Small-scale proxies for large-scale Transformer training instabilities

Mitchell Wortsman,Peter J. Liu,Lechao Xiao,Katie Everett,Alex Alemi,Ben Adlam,John D. Co-Reyes,Izzeddin Gur,Abhishek Kumar,Roman Novak,Jeffrey Pennington,Jascha Sohl-dickstein,Kelvin Xu,Jaehoon Lee,Justin Gilmer,Simon Kornblith

Teams that have trained large Transformer-based models have reported training instabilities at large scale that did not appear when training with the same hyperparameters at smaller scales. Although the causes of such instabilities are of scientific interest, the amount of resources required to reproduce them has made investigation difficult. In this work, we seek ways to reproduce and study training stability and instability at smaller scales. First, we focus on two sources of training instability described in previous work: the growth of logits in attention layers (Dehghani et al., 2023) and divergence of the output logits from the log probabilities (Chowdhery et al., 2022).
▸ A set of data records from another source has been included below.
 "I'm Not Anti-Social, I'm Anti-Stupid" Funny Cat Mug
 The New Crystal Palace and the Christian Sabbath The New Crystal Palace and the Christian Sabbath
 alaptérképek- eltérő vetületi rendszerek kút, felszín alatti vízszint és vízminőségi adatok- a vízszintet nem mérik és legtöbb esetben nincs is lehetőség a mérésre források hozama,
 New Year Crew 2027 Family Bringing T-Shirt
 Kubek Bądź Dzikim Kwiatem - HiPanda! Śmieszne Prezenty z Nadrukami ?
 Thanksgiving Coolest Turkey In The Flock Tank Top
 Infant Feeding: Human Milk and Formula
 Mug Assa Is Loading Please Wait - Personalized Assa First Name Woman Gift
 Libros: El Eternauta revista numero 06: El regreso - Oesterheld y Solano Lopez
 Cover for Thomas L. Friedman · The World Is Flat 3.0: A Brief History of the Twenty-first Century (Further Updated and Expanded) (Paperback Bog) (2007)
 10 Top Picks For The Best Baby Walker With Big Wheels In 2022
By measuring the relationship between learning rate and loss across scales, we show that these instabilities also appear in small models when training at high learning rates, and that mitigations previously employed at large scales are equally effective in this regime. This prompts us to investigate the extent to which other known optimizer and model interventions influence the sensitivity of the final loss to changes in the learning rate. To this end, we study methods such as warm-up, weight decay, and the $\mu$Param (Yang et al., 2022), and combine techniques to train small models that achieve similar losses across orders of magnitude of learning rate variation. Finally, to conclude our exploration we study two cases where instabilities can be predicted before they emerge by examining the scaling behavior of model activation and gradient norms.
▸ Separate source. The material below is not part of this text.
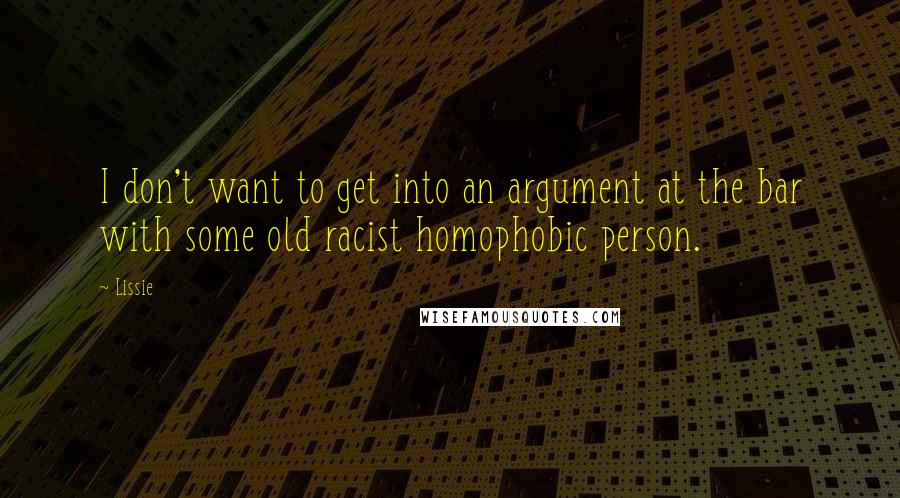 Lissie Quotes: I don't want to get into an argument at the bar with some old racist homophobic person.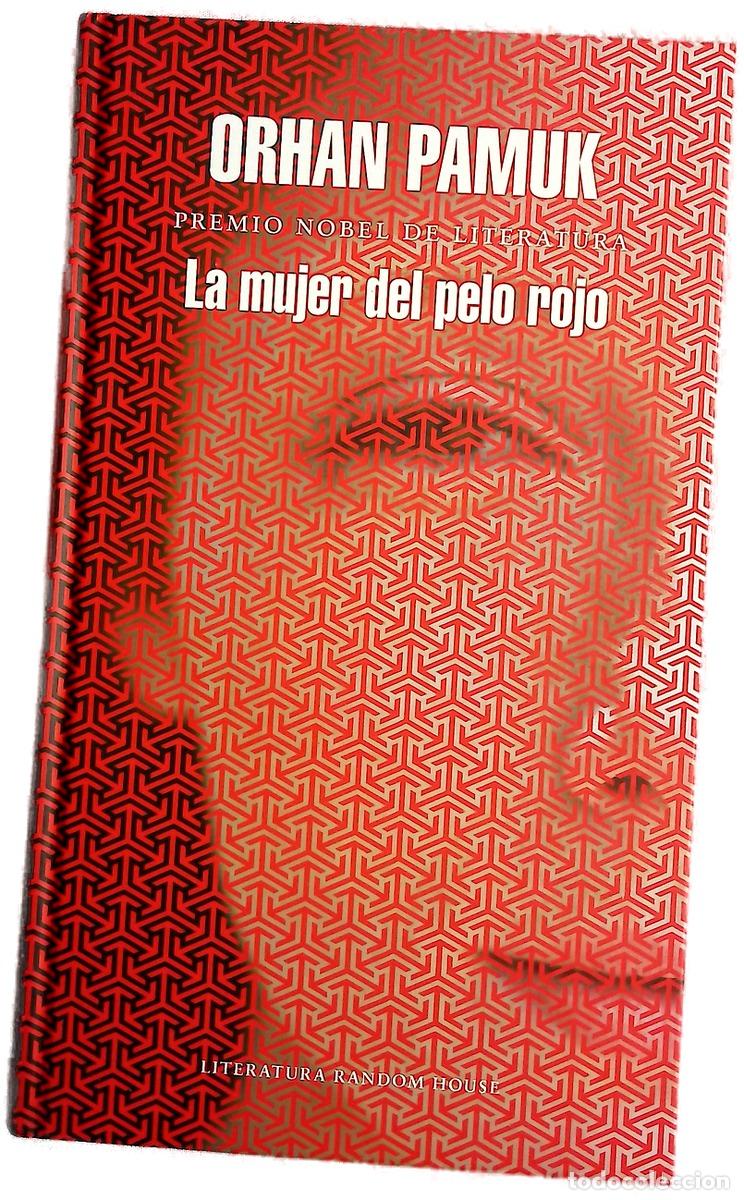 Libros: La mujer del pelo rojo - Pamuk, Orhan; Moreno, Pablo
翻译：训练大规模Transformer模型的团队曾报告，在相同超参数下，小规模训练时未出现的不稳定性会在大规模训练中显现。尽管此类不稳定的成因具有科学价值，但重现它们所需的大量资源使得相关研究困难重重。本研究旨在探索在较小规模下重现和研究训练稳定性与不稳定性的方法。首先，我们聚焦于先前工作中描述的两类训练不稳定性来源：注意力层中logits的增长（Dehghani等人，2023）以及输出logits与对数概率的偏离（Chowdhery等人，2022）。通过测量不同规模下学习率与损失之间的关系，我们证明这些不稳定性同样会出现在高学习率训练的小模型中，且此前在大规模场景下采用的缓解措施在此情况下同样有效。这促使我们探究其他已知优化器与模型干预手段对最终损失对学习率变化敏感性的影响程度。为此，我们研究了预热、权重衰减及μParam（Yang等人，2022）等方法，通过组合技术训练小模型，使其在跨数量级的学习率变化下达到相近的损失值。最后，作为探索的收尾，我们通过考察模型激活值与梯度范数的标度行为，研究了两种可在不稳定性显现前进行预测的案例。